琵琶湖の東側に湖東三山と呼ばれる名刹3寺があります。
そのうちの1つ、滋賀県犬上郡甲良町にある西明寺は、天台宗の寺院で、比叡山の祈願寺、修行寺だった山寺です。
最盛期には、諸堂が17もある大寺院となっていて、そこには2500人ほど修行僧がいて、その宿坊は300坊ほどあったそうです。
御本尊は、住職一代につき1度だけ御開帳が許される秘仏、薬師如来。
そのご開帳は2006年に行われたのですが、特別めでたいことがあるときは中開帳という形で開帳されるのだとか。
そして2014年、中開帳が行われました。
名神高速道路の湖東三山ICがオープンしたことから湖東三山にアクセスしやすくなったので、それを記念して「湖東三山IC開設 交通安全祈願」という形での御開帳です。
8年ぶりとなる御開帳ですが、それに合わせて参拝することができました♪
8年でも結構長いので、貴重な参拝でした^^
瑠璃光を放つ霊験あらたかな薬師如来
「西明寺」というお寺の名前の由来にもなっているご本尊です。
縁起ではこのように言い伝えられています。
西明寺は承和元年(834年)、三修上人という高僧が琵琶湖の西岸を歩いていると、琵琶湖の東方にまぶしい光を見つけました。
その光をたどってみると、そこには池があり、祈念してみると、薬師如来が現れたのです。
それに続いて、日光、月光菩薩、十二神将が現れました。
その話を時の天皇、仁明天皇にお話しすると、仁明天皇はこの地に勅願寺として、お寺を造るように命じられたのです。
その際、西の方にある宮中(京都)を明るく照らしてくれたので、「西明寺」と名付けられました。

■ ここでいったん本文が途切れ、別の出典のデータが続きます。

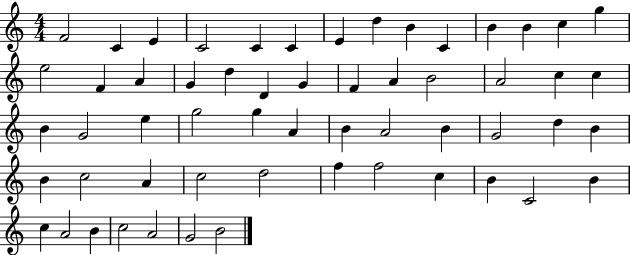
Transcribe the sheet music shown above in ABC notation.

薬師如来の浄土は瑠璃光浄土といって、東の方向にあるとされています。
西明寺は京の都からみて東の方にあります。
なのでここが瑠璃光浄土と見立てられたのかもしれませんね^^
秘仏の本尊は、平安時代の一木造りの尊像。
お堂内は暗かったのですが、ご本尊様だけ明るく照らされているのか、輝いて見えました。
まるで縁起を彷彿させるようなお姿でした^^
本堂内は撮影禁止なので、残念ながら写真で紹介できませんが、下は御開帳期間だけ御朱印とセットになっていた御影です。
輝いているように表現されています。
自分の干支の神将さんを見つけよう
西明寺は別名、干支のお寺とも呼ばれています。
干支を司る立派な十二神将さんが揃っているんですね。
十二神将は、自分と同じ干支の人の願いだけをお薬師さんに伝えてくれるそうです。
自分のとは違う干支の神将さんにお願いをしても、聞いてくれないんですね^^;
西明寺の方によると、お薬師さんへのお願いは、宝くじ、ギャンブルのお願いは無理ですが、病気にならない、事故にならないように、長生きできるように、勉強、スポーツ、就職などは何でも聞いてくれるそうです^^
なので、まずは自分の干支を見つける必要がありますね。
十二神将がどの干支を司るのかはお寺によって違う場合があるのですが、西明寺では、
宮毘羅 大将:子伐折羅 大将:丑迷企羅 大将:寅安底羅 大将:卯頞儞羅 大将:辰珊底羅 大将:巳
となっています。
とはいえ、名前は覚えにくいですし、見た目で判断するのも難しいです^^;
そこで唯一、判断しやすいのが十二神将の頭。
それぞれの干支が乗っているんです^^
昔、一般庶民は読み書きできなかったため、自分のお願いを聞いて下さる神将さんがどれか、見てわかるように、干支を頭に乗せるようになったのだとか。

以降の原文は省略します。